How can I calculate the error in a slope with variance in x and y values?

  • Context: Graduate 
  • Thread starter Thread starter Salish99
  • Start date Start date
  • Tags Tags
    Error Slope Variance
Click For Summary

Discussion Overview

The discussion revolves around methods for calculating the error in a slope derived from averaged x and y values that include standard deviations. Participants explore the implications of measurement errors, the use of ordinary least squares (OLS) regression, and alternative approaches to account for uncertainties in both x and y values.

Discussion Character

  • Exploratory
  • Technical explanation
  • Mathematical reasoning
  • Debate/contested

Main Points Raised

  • One participant seeks methods to calculate the error in a slope when using averaged values with standard deviations, questioning the adequacy of standard OLS regression.
  • Another participant suggests that OLS is unbiased but may be inefficient for grouped data, proposing the use of weighted least squares if group sizes are known.
  • Concerns are raised about measurement error in x values, with a suggestion to simulate additional observations to mitigate issues arising from limited data.
  • A participant expresses interest in converting deviations in x-values into independent y-values and questions the validity of a proposed method for estimating standard error using extreme values.
  • Further inquiries are made about the calculations of slope and intercept standard deviations in Excel's LINEST function, including confusion over the relationship between the standard deviation of the intercept and its value.
  • Discussion includes a comparison of results from forcing the slope through zero versus adding a point at the origin, highlighting discrepancies in the slope and intercept values obtained.

Areas of Agreement / Disagreement

Participants express differing views on how to handle uncertainties in x and y values, with no consensus reached on the best approach for calculating the error in the slope. The discussion remains unresolved regarding the most appropriate methods and calculations.

Contextual Notes

Limitations include the assumption of uniform group sizes for simulations, the potential bias introduced by measurement errors in x values, and the lack of individual observations for y values, which complicates the analysis.

Salish99
Messages
28
Reaction score
0
I am looking for methods to calculate the error in a slope.
the caveat is that my values themselves are averages with a STDEV.
E.g.
x
1+-1%
2+-1%
3+-1%
y
0.14+-0.01
0.27+-0.02
0.42+-0.02
(using http://www.cartage.org.lb/en/themes/sciences/chemistry/Miscellenous/Helpfile/Erroranalysis/MultiplicationDivision/MultiplicationDivision.htm as the calculation method for these errors)

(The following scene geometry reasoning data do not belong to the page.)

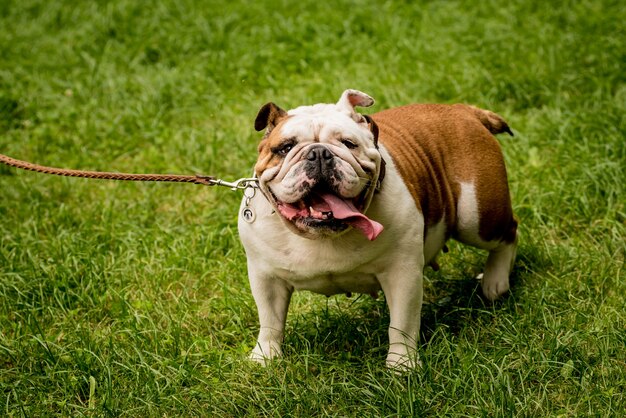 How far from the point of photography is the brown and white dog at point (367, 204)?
11.8 feet

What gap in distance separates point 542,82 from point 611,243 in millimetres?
2317

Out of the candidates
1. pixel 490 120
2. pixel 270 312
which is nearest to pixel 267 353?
pixel 270 312

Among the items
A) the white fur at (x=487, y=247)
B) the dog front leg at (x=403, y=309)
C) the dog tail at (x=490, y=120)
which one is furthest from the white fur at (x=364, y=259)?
the dog tail at (x=490, y=120)

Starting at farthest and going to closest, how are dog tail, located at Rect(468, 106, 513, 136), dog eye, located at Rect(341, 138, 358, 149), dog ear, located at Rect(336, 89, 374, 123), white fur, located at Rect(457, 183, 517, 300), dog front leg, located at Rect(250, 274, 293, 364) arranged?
dog tail, located at Rect(468, 106, 513, 136), white fur, located at Rect(457, 183, 517, 300), dog front leg, located at Rect(250, 274, 293, 364), dog ear, located at Rect(336, 89, 374, 123), dog eye, located at Rect(341, 138, 358, 149)

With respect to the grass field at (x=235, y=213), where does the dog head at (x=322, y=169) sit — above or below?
above

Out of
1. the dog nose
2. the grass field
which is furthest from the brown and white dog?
the grass field

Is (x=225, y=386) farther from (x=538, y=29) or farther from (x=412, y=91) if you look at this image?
(x=538, y=29)

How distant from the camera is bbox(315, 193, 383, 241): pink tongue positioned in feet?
11.6

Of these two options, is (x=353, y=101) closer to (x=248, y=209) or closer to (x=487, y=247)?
(x=248, y=209)

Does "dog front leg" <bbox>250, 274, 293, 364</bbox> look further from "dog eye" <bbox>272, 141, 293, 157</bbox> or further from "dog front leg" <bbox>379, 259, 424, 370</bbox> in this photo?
"dog eye" <bbox>272, 141, 293, 157</bbox>

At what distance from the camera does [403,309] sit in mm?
4012

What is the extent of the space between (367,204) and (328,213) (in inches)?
9.9

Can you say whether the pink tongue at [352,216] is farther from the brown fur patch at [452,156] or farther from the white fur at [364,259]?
the brown fur patch at [452,156]

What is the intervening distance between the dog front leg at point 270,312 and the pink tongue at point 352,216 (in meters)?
0.70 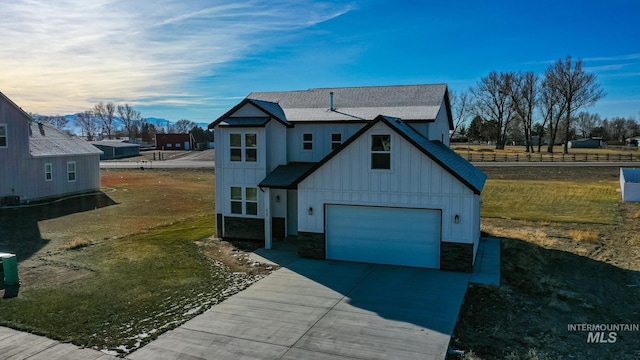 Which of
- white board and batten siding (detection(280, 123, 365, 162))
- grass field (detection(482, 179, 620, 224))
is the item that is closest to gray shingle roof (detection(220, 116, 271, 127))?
white board and batten siding (detection(280, 123, 365, 162))

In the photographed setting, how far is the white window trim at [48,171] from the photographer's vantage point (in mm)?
29891

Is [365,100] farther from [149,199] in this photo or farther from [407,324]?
[149,199]

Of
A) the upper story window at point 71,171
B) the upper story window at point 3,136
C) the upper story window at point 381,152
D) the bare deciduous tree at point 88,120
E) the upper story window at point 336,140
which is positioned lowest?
the upper story window at point 71,171

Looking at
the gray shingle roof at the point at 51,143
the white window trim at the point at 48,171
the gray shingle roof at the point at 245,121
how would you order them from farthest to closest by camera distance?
1. the gray shingle roof at the point at 51,143
2. the white window trim at the point at 48,171
3. the gray shingle roof at the point at 245,121

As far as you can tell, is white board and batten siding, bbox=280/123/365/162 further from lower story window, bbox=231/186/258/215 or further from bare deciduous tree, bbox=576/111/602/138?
bare deciduous tree, bbox=576/111/602/138

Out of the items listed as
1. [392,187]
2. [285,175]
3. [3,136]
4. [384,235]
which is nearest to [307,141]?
[285,175]

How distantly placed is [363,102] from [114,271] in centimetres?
1203

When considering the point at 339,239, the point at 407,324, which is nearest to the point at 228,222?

This could be simplified by assuming the x-values have no deviation.

Now I can just plot the average slope of those three values, I can make a simple linear regression analysis, obtain the least square values as shown here
https://www.physicsforums.com/showthread.php?t=194616 and somewhat related here
https://www.physicsforums.com/showthread.php?t=173827

or use the Excel Linestatistics
(http://www.trentu.ca/academic/physics/linestdemo.html)
I obtain a value for the slope of my averaged slope, and a STDEV, based on the Least Square algorithm. But this does not take into account at all my initial STDEV.
Is there a more general algorithm that can take STDEVs in the initial (at least) y values, or both x and y values, and how would I calculate that?

Thank you.
 
Last edited by a moderator:
Physics news on Phys.org
You seem to have a problem that involves a combination of:

1. grouped data, whereby you observe the group statistics (means and variances) but not individual observations for the dependent variable (y). In this case OLS is typically unbiased but inefficient. Since OLS is unbiased, if all you care about is the sign & the size of the coefficient and not its standard error, you can go with your coefficient estimates from OLS.

OTOH, if you care about the coefficient's standard error and you happen to know the group sizes in each "bin" (i.e. for each of your "average" observations) you can use those as weights and compute a weighted least squares. If you don't have the group sizes, you can assume a uniform group size for each observation (say, g = 100) and simulate three sets of 100 individual observations with means = the y's in your data and the ranges = the +/- factors around each y.

2. measurement error: each of your x's is measured with error, and that can be a source of bias. If you know the "cause" of the variation in the x variable, you can include that as an additional variable; if you don't know or have the "cause" you can at least include the variation around each x as a second variable. You have too few observations and that's a problem, especially for including additional independent variables alongside of x. But if you decide to run the simulation in step 1 above, which will generate many "fictional" observations, this will no longer be a problem.

EnumaElish
 
Thanks enuma.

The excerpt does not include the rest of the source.